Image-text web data
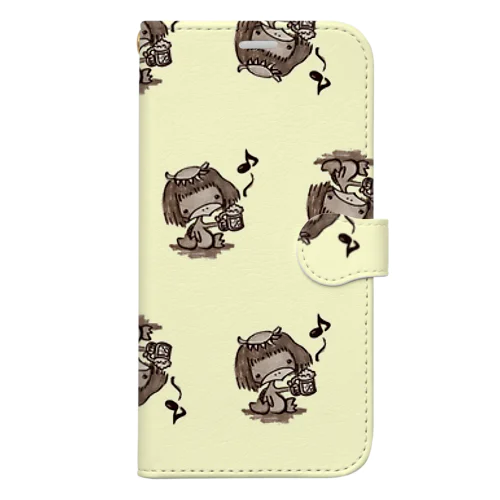 乾杯カッパ Book-Style Smartphone Case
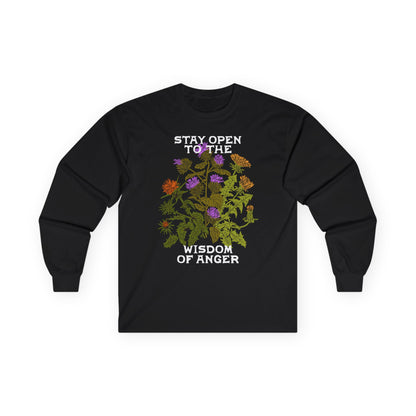 Wisdom of Anger Long Sleeve Tee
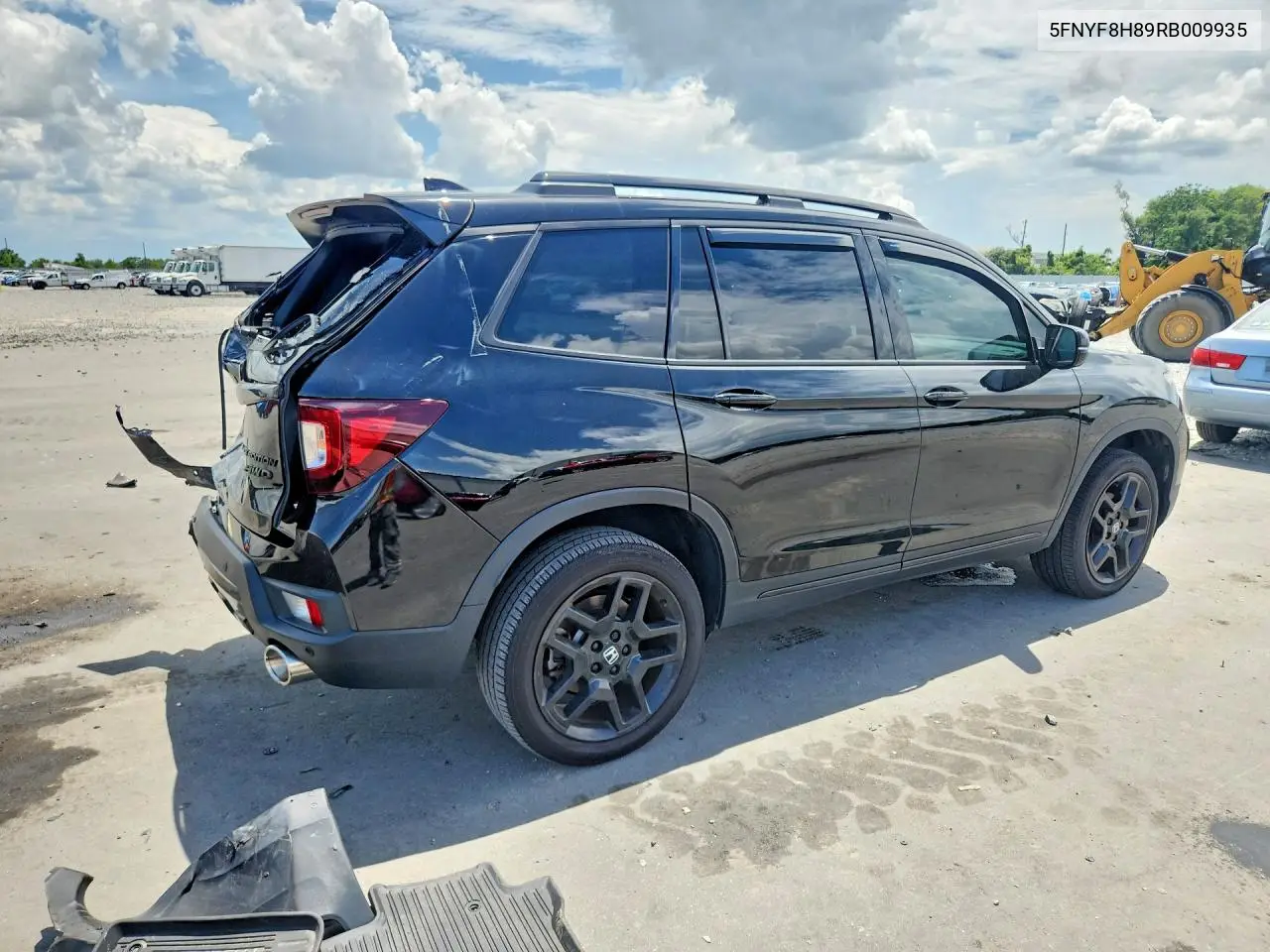 2024 Honda Passport Black Edition VIN: 5FNYF8H89RB009935 Lot: 57392976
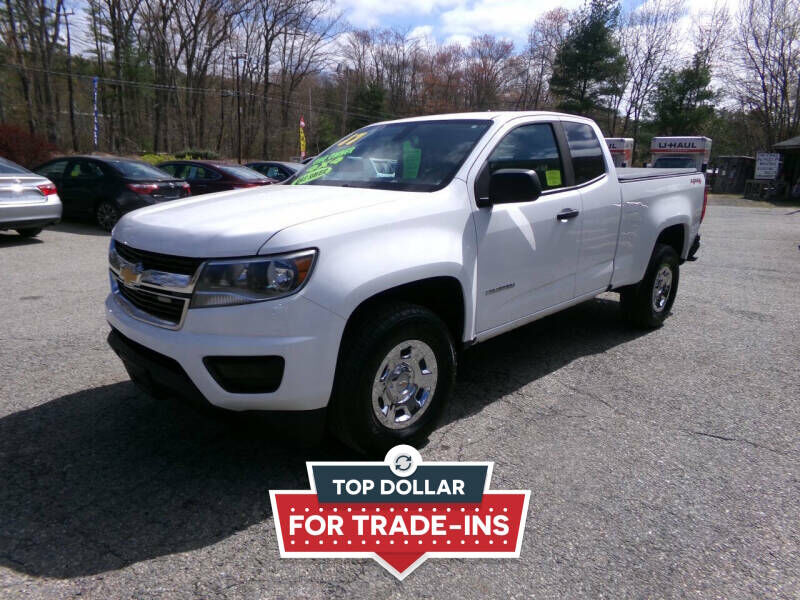 2017 CHEVROLET Colorado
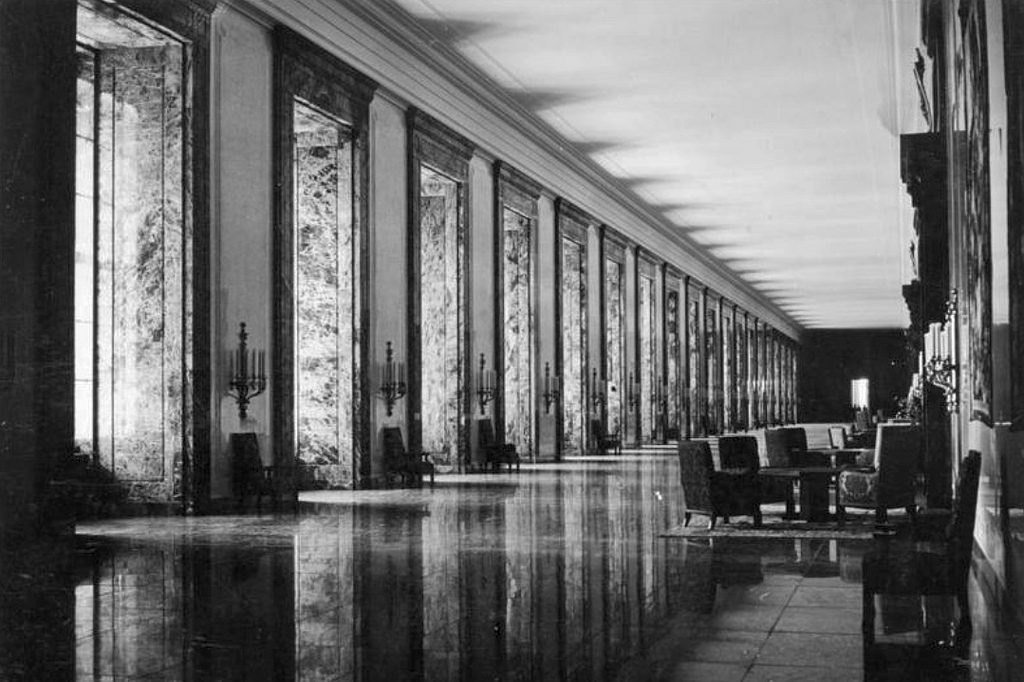 کاخ ریاست جمهوری آلمان، گالری مرمر، ۱۹۳۹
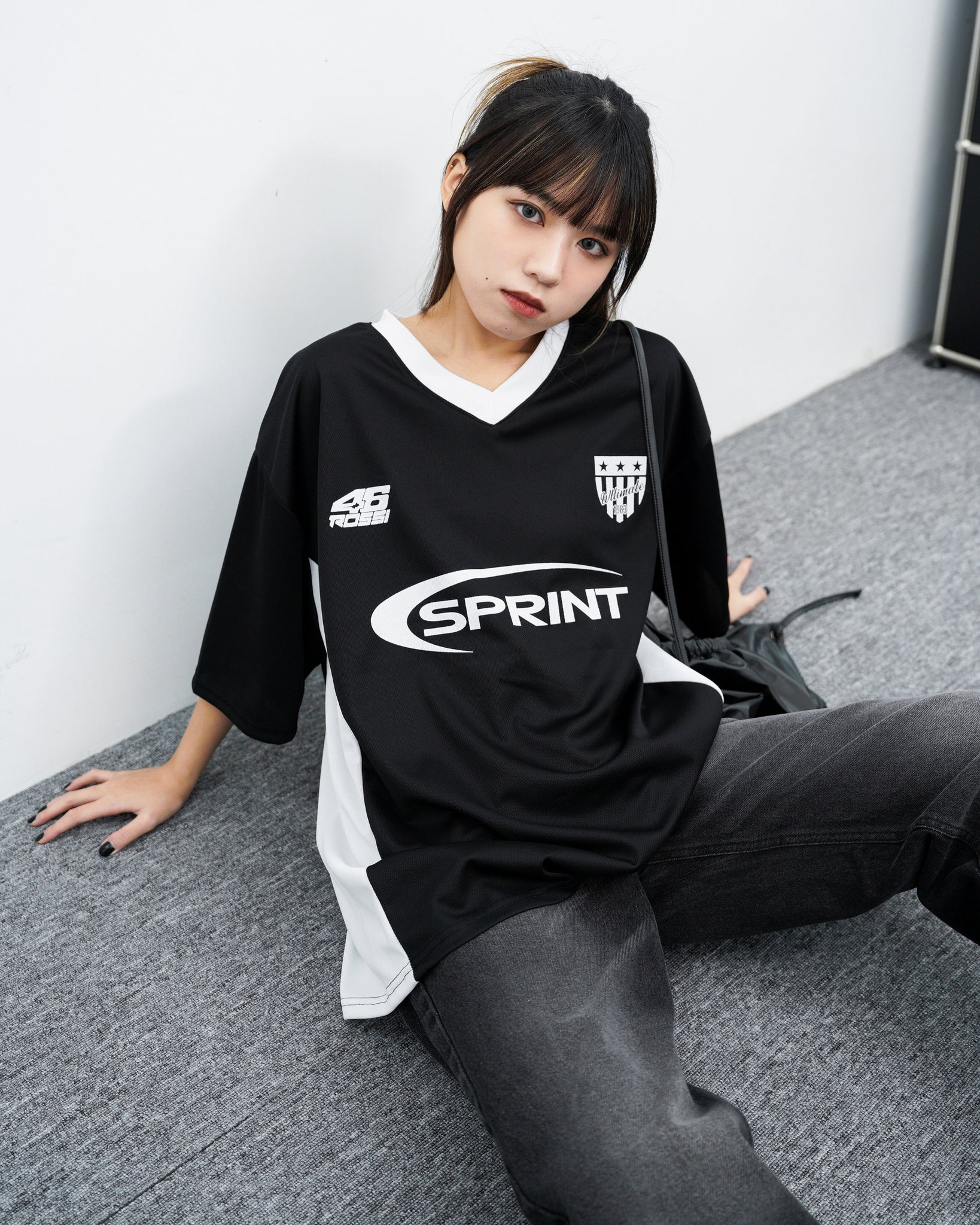 Sprint Jersey Tee/ 2色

BRIEF:
Each record should be copied exactly, and each image left out.

RESULT:
 乾杯カッパ Book-Style Smartphone Case
 Wisdom of Anger Long Sleeve Tee
 2024 Honda Passport Black Edition VIN: 5FNYF8H89RB009935 Lot: 57392976
 2017 CHEVROLET Colorado
 کاخ ریاست جمهوری آلمان، گالری مرمر، ۱۹۳۹
 Sprint Jersey Tee/ 2色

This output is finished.